START DATA BELOW
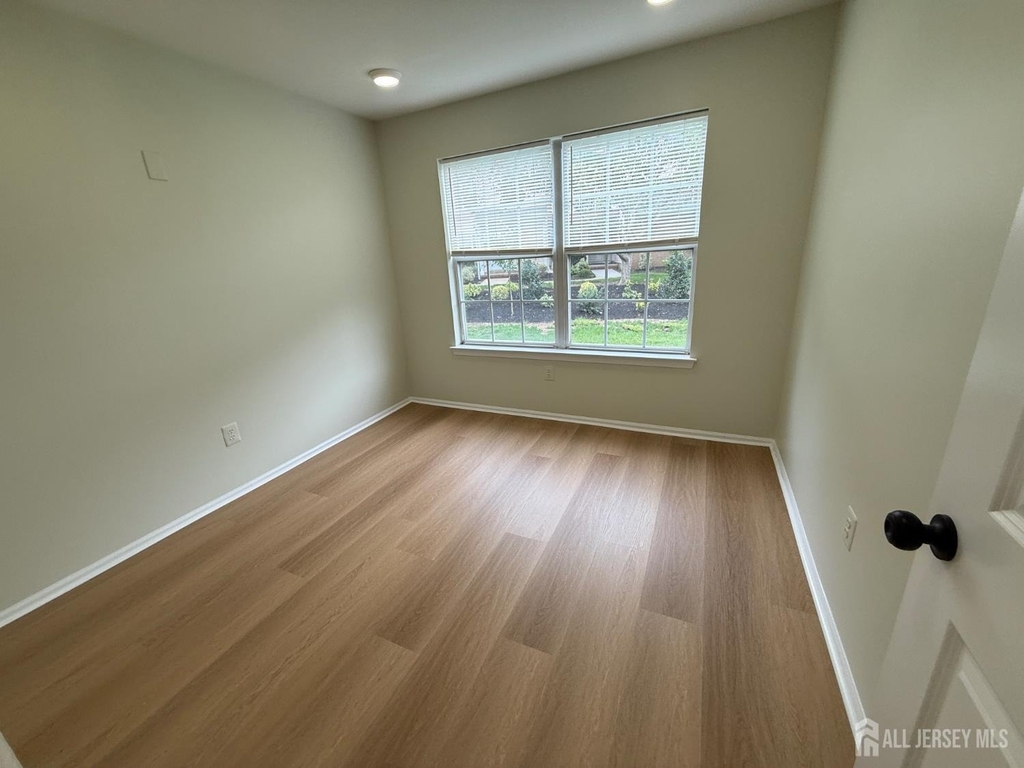 220 Copeley Way - Photo 12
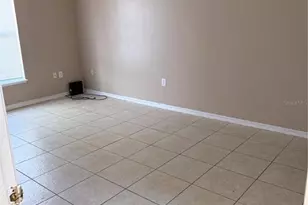 865 Adour Dr, Kissimmee, FL 34759 - Photo 3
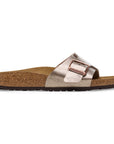 1026622 Catalina Graceful Taupe Woman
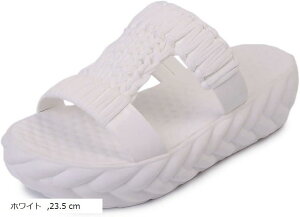 jbg T_ fB[X vbgtH[ V[Y C 5cm q[ 23.5(zCg, 23.5 cm)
END DATA BELOW
WHAT THE TASK ASKS —
The whole listing above needs to be copied exactly; please keep the pictures out.

EXERCISE OUTPUT —
 220 Copeley Way - Photo 12
 865 Adour Dr, Kissimmee, FL 34759 - Photo 3
 1026622 Catalina Graceful Taupe Woman
 jbg T_ fB[X vbgtH[ V[Y C 5cm q[ 23.5(zCg, 23.5 cm)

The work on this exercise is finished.